### INFORMATION PROVIDED ###

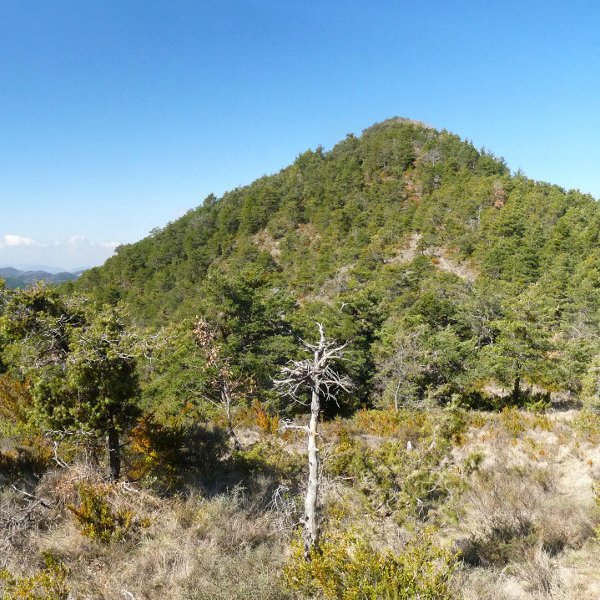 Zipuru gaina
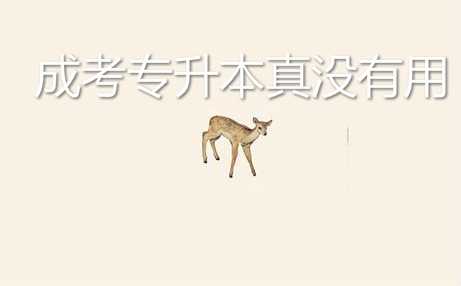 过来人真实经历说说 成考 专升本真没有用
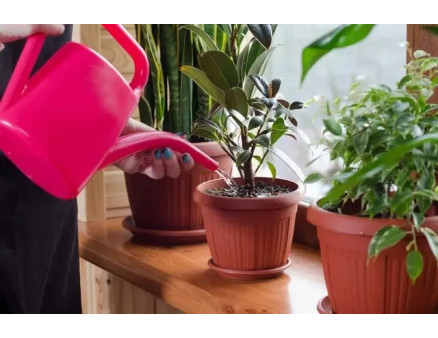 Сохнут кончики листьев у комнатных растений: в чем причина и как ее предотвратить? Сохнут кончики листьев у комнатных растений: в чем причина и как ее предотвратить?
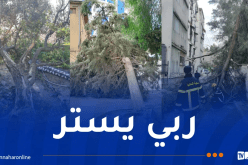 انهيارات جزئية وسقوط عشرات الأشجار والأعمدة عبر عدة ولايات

###
### INFORMATION PROVIDED ###

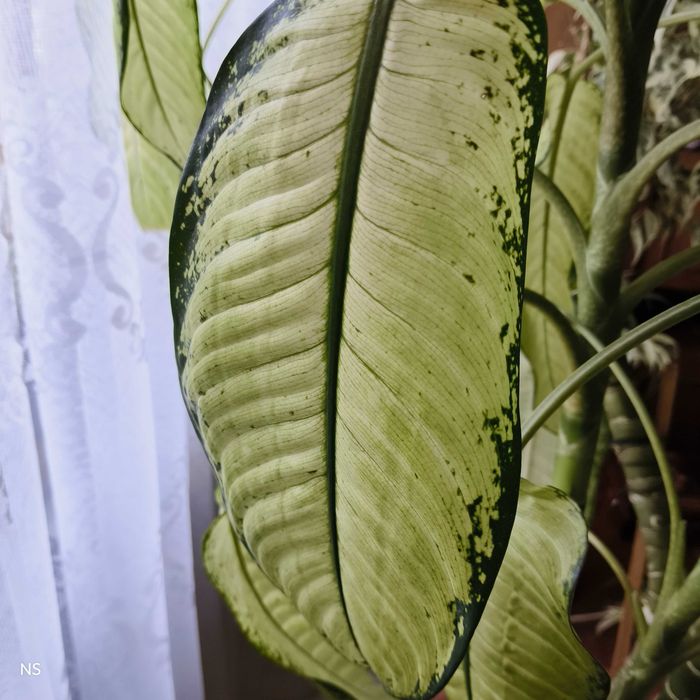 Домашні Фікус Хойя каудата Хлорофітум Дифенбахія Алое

###
### INFORMATION PROVIDED ###

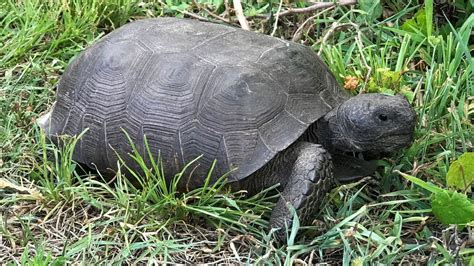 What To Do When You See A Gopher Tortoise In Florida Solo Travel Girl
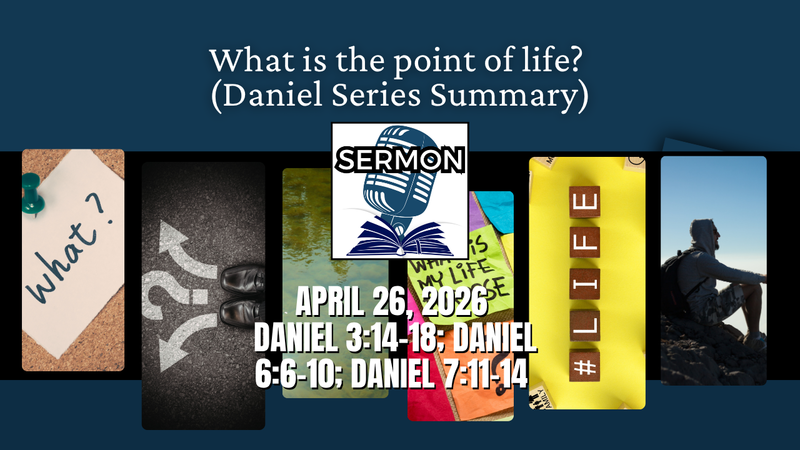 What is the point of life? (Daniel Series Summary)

###

TASK TO CARRY OUT:
Print an exact copy of the lines above, from the one containing "Zipuru gaina" through the one containing "انهيارات جزئية وسقوط", and leave out the pictures.

SOLUTION TO THE EXERCISE:
 Zipuru gaina
 过来人真实经历说说 成考 专升本真没有用
 Сохнут кончики листьев у комнатных растений: в чем причина и как ее предотвратить? Сохнут кончики листьев у комнатных растений: в чем причина и как ее предотвратить?
 انهيارات جزئية وسقوط عشرات الأشجار والأعمدة عبر عدة ولايات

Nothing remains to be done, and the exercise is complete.